### What you should do
Begin at the top of the records below and print each line exactly until the line containing "used 2023 Chevrolet" has been printed; any pictures are to be left out.

Brief descriptive captions
::::::::

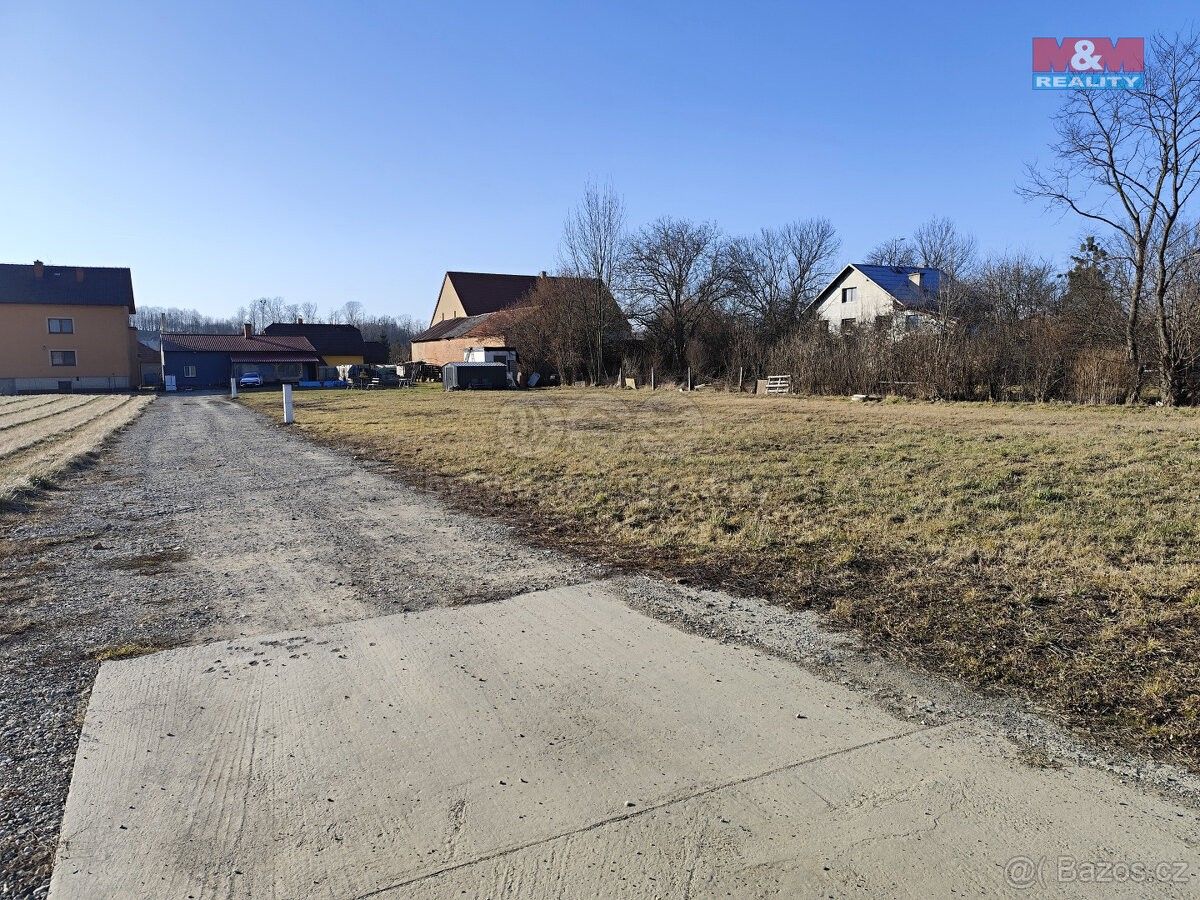 Prodej pozemek pro bydlení - Kunín, 742 53, 751 m²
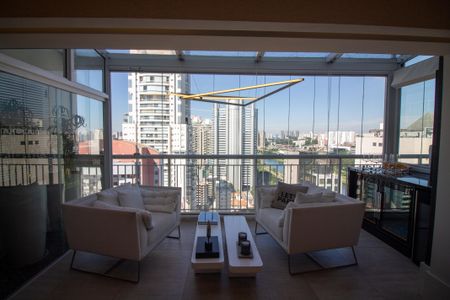 Apartamento à venda com 305m², 3 quartos e 3 vagasSala Superior
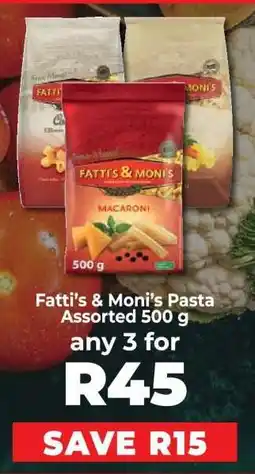 Food Lover's Market Fatti's & Moni's Pasta Assorted 500 g offer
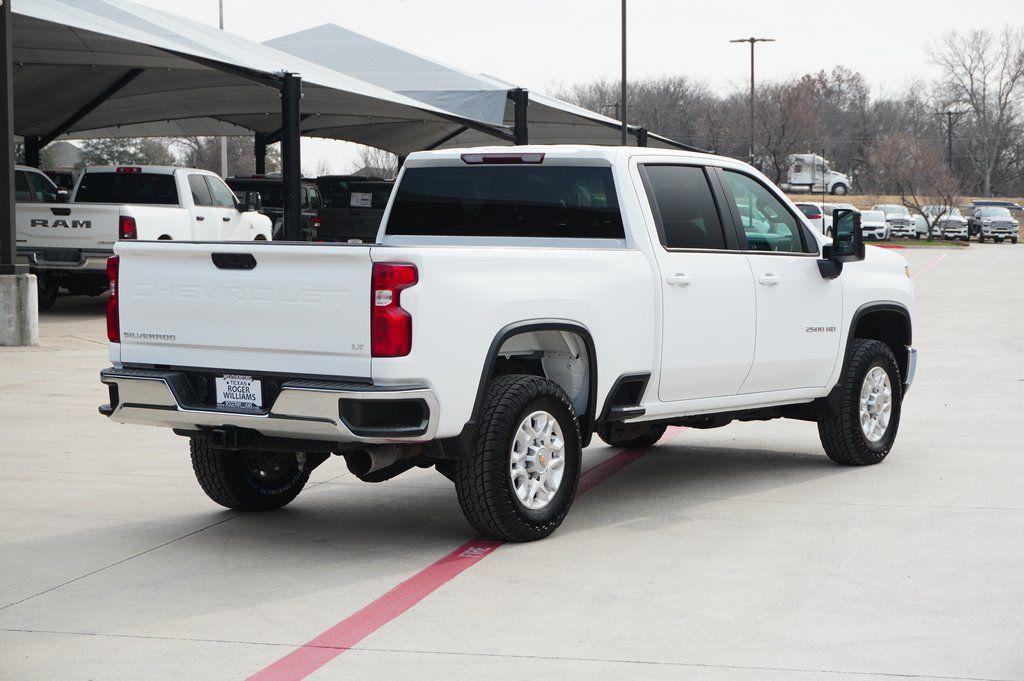 used 2023 Chevrolet Silverado 2500 car, priced at $48,499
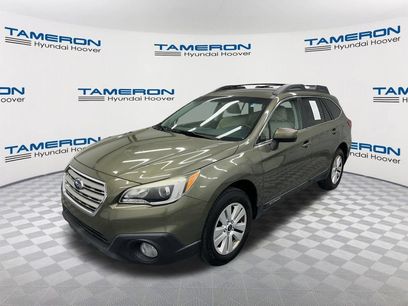 Used 2015 Subaru Outback 2.5i Premium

::::::::

### Written reply
 Prodej pozemek pro bydlení - Kunín, 742 53, 751 m²
 Apartamento à venda com 305m², 3 quartos e 3 vagasSala Superior
 Food Lover's Market Fatti's & Moni's Pasta Assorted 500 g offer
 used 2023 Chevrolet Silverado 2500 car, priced at $48,499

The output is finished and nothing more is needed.